The president is expected to meet both with President Raúl Castro and with critics of his government, address Cubans live on state television and attend a baseball game between the Cuban national team and the Tampa Bay Rays — presumably with President Castro. It will not be easy, especially given the casual setting of a ballpark, to strike the right balance between proclaiming a new era of engagement between the long-hostile nations and applying meaningful pressure to Castro to effect long-overdue reforms.

The human-rights situation in Cuba hasn’t changed much since December 2014, when Obama and Castro announced an agreement to normalize diplomatic relations. As part of that agreement, Cuba made a commitment to release 53 political prisoners and to allow fact-finding visits to the island by the International Committee of the Red Cross and United Nations human rights monitors. Cuba freed the political prisoners, but the monitoring visits have not happened.

Although Cuba has held fewer long-term political prisoners in recent years, laws that allow the government to lock people up for speaking their minds remain on the books. The government increasingly relies on detention without charges to keep people from participating in peaceful marches and meetings.
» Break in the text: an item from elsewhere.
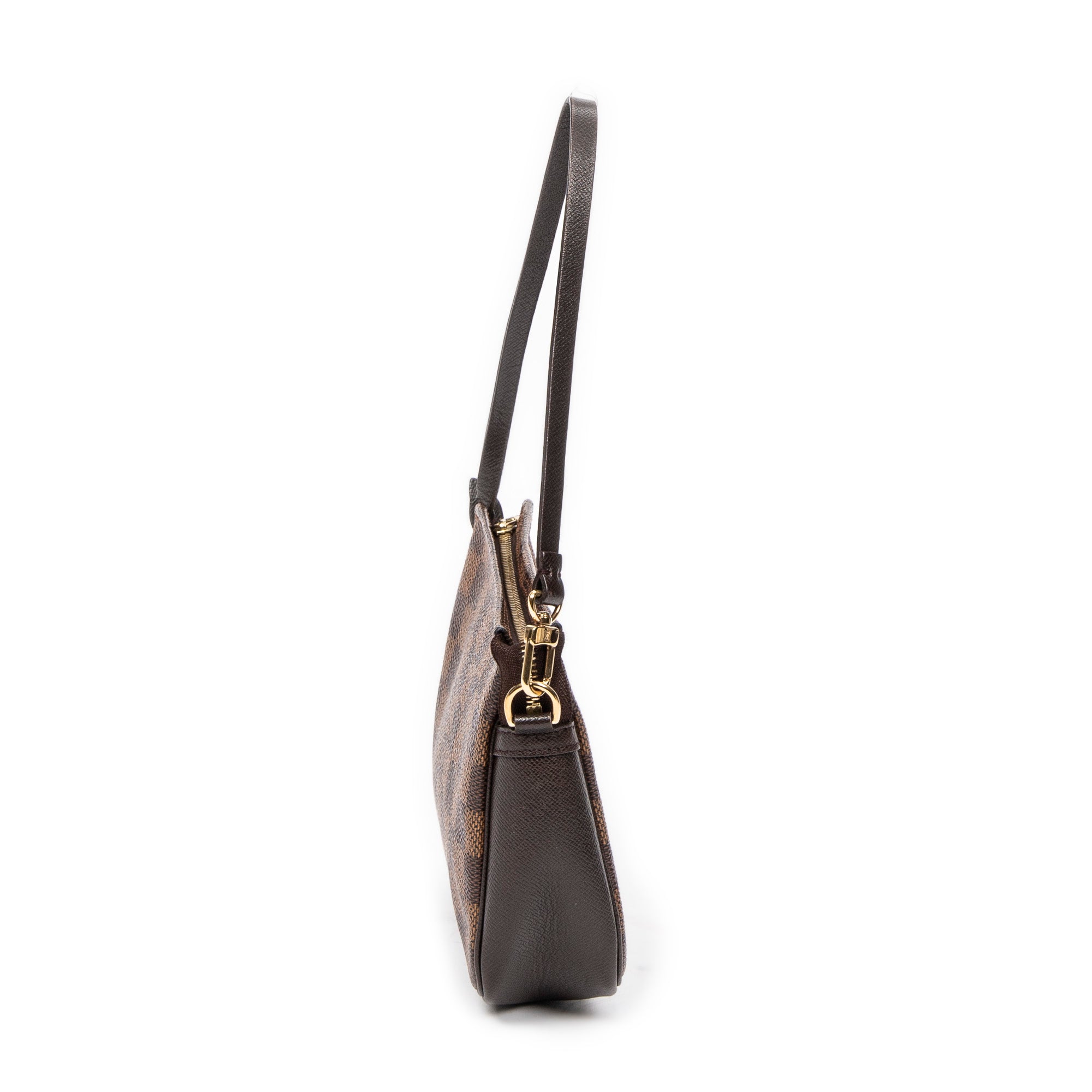 Handbag Trousse Make Up Pouch Brown Damier Ebene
The Cuban Commission for Human Rights and National Reconciliation, an independent human-rights group, reported more than 8,000 such cases of arbitrary detention in 2015. Just during Pope Francis’s five-day visit in September, police detained more than 100 dissidents.
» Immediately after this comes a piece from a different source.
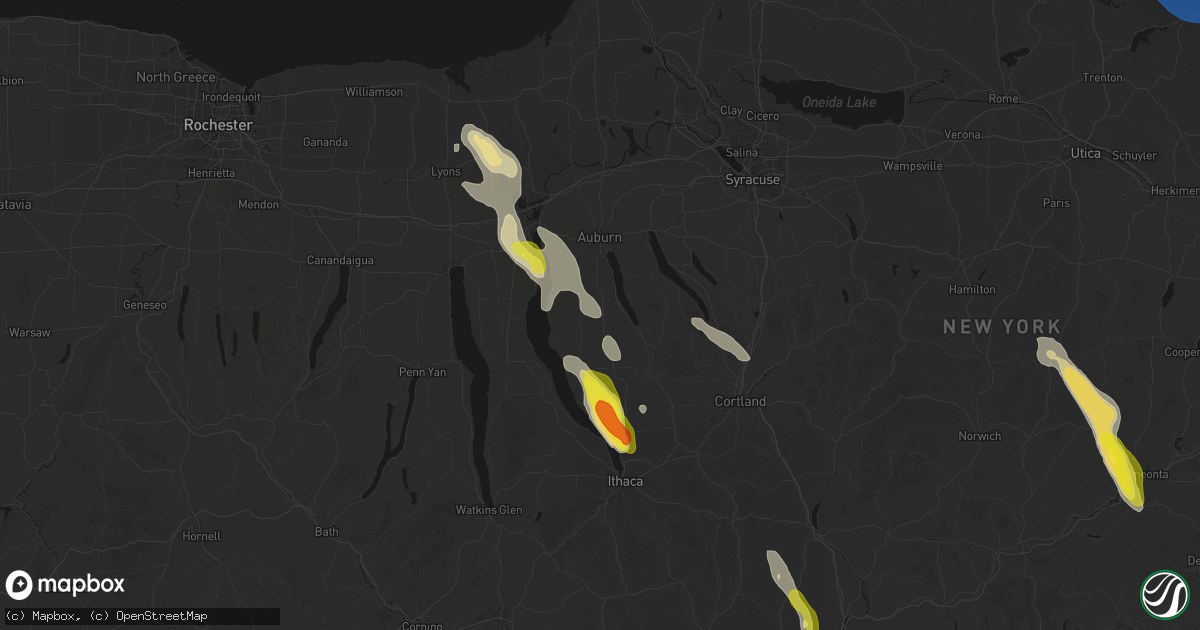 Hail map in Scipio Center, NY on June 30, 2026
The government still controls most media in Cuba. A small, growing number of independent journalists and bloggers are active online, but the government sometimes blocks access to websites and subjects critics to smear campaigns and arbitrary arrests.

Cuba has made important progress in a few areas, including increased freedom to travel and broader internet access, but its repressive system remains firmly in place. Obama needs to use his visit to press President Castro to begin dismantling that system by unlocking websites, ending arbitrary detentions, and fulfilling the government’s commitment to allow visits by international human rights monitors.
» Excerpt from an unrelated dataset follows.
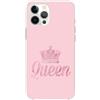 Mixroom - Cover Custodia Back case In TPU Silicone Morbido Per iPhone 17 Pro max Fantasia Queen Pink Rosa M736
President Obama’s policy of engagement denies the Cuban government one of its main pretexts for repressive rule. From now on, it will be harder for Castro to paint the victims of his government’s repression as agents of U.S. aggression. And that will make it easier for other countries in the region to stand up for human rights in Cuba.

To be most effective, pressure on Havana to change should come not from the United States alone, but rather as part of a multilateral effort. Governments in the region that may have been reluctant to criticize Cuba when the island faced a hostile neighbor to the north no longer have to choose sides. After leaving Havana, President Obama will travel to Argentina, where he will meet with President Mauricio Macri, whose 3-month-old administration has been vocal on human rights in the region. In the new era of U.S. engagement, Obama has a chance to convince Macri and others to weigh in.

Through his engagement policy, Obama has created an unprecedented opportunity to support the efforts of Cubans seeking to exercise their basic rights. He should seize it — in Havana by urging real reforms, and in Buenos Aires by starting to rally international pressure on Castro to deliver. Only then should he allow himself a seventh-inning stretch.

JOSÉ MIGUEL VIVANCO IS THE AMERICAS DIRECTOR AT HUMAN RIGHTS WATCH.